Making stuff readily available from missions only is a bad idea, there should be alternatives for any level of player.
It doesn't take
that difficult a mission to get G5 material rewards available as an option. The basic "scan this surface data point" ones can do it, as can hauling missions completable in a single run by a Krait/T-7 type medium ship, or two runs in a T-6. And there aren't many key non-combat blueprints which use
manufactured as their G5 component as it is.
But I
don't think they need G5 material acquisition to be easy, either - in fact, it'd be more "conventional" game design if it wasn't! - after all, you can get a fully-G4 engineered ship (by definition) without picking up a single G5 material, and that then gives you the capabilities to take on pretty much any challenge in the game anyway for picking up the G5s. Encouraging breadth-first rather than depth-first engineering is (see below conversation with Helmut) one of the things that the current design doesn't help with, I think [1].

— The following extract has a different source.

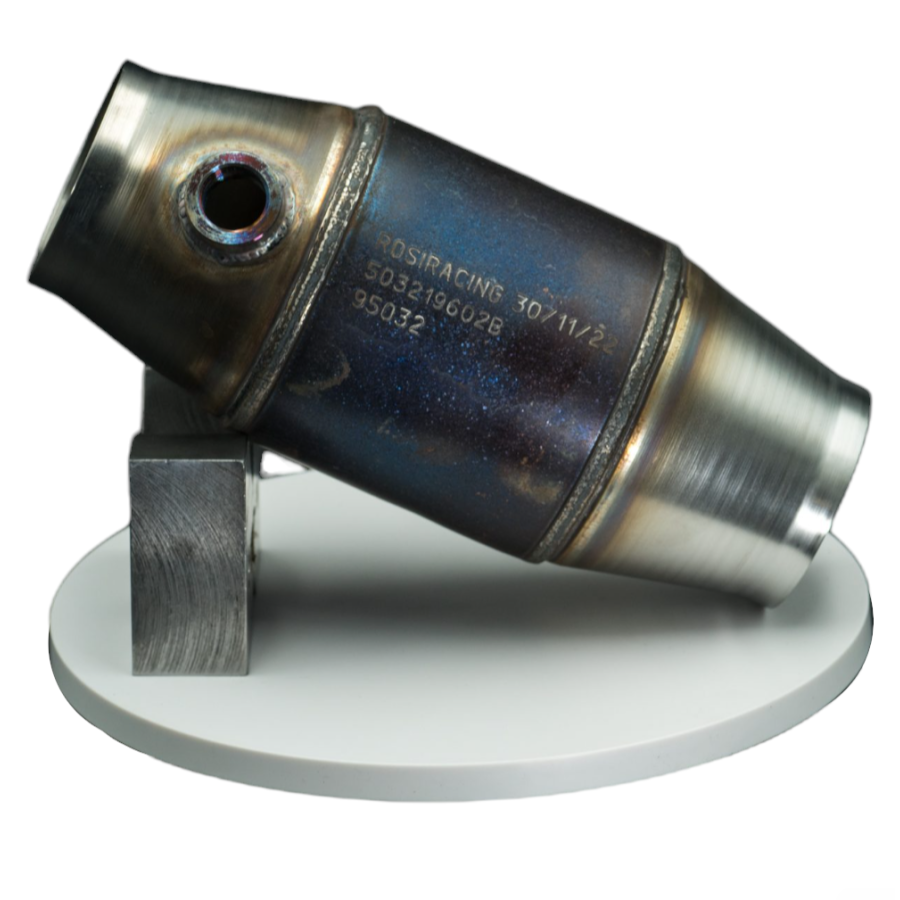 Catalyseurs - 1500cc - Rosi_Racing®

[1] It's probably too late to change, but what I think they should do is redo it so that "common knowledge" engineers have all the G1-2 blueprints, the next tier up have all the G3-4 blueprints, and the finale engineers like Sarge and Jameson and Palin (and the Colonia ones) have all the G5 blueprints. That'd encourage people to start with the easy high-impact blueprints
and stop the weirdness where Jameson has some of the toughest unlock requirements in the game ... for some marginal improvements to niche modules.
Maybe figuring this out is the touring test of the game

. In all honesty, this is pretty obvious - makes me wonder if all those who complain about the grind of G5 engineering ever look at the numbers.

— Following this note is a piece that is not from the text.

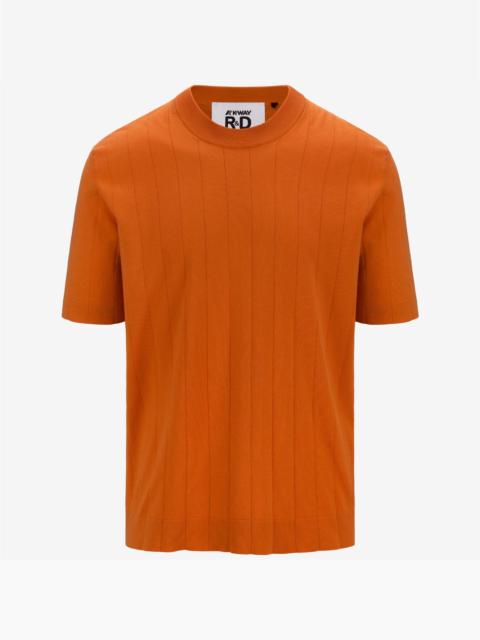 K-WAY COMBEL KNITTED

Exponential costs for at-best linear performance improvement is the game style even before engineers (look at those A-rated fuel scoop prices, even
with today's inflated credit earning rates you'd rarely actually make back the money spent on an A-rated scoop in time saved later, unless you're going on a very long honk-scoop-jump journey)

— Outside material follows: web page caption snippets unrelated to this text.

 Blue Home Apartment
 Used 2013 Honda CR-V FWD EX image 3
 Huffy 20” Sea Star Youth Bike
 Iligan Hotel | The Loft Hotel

I recently had a passionate discussion on the forums about shield engineering, if you remember

. During that I did some engineering maths and found (again) how far G3 actually gets you - engineering really is the embodiment of diminishing returns.
Shortly after the engineers were added to Colonia, I did an experiment of building a ship
purely with what you could get locally - so B/C-rated components engineered up to mostly G3 max. The difference in performance in PvE [1] between that Krait and its A-rated G5 equivalent was measurable on paper and almost entirely irrelevant in actual flight.
[1] Though I successfully ran away from a couple of PvP attacks in it too.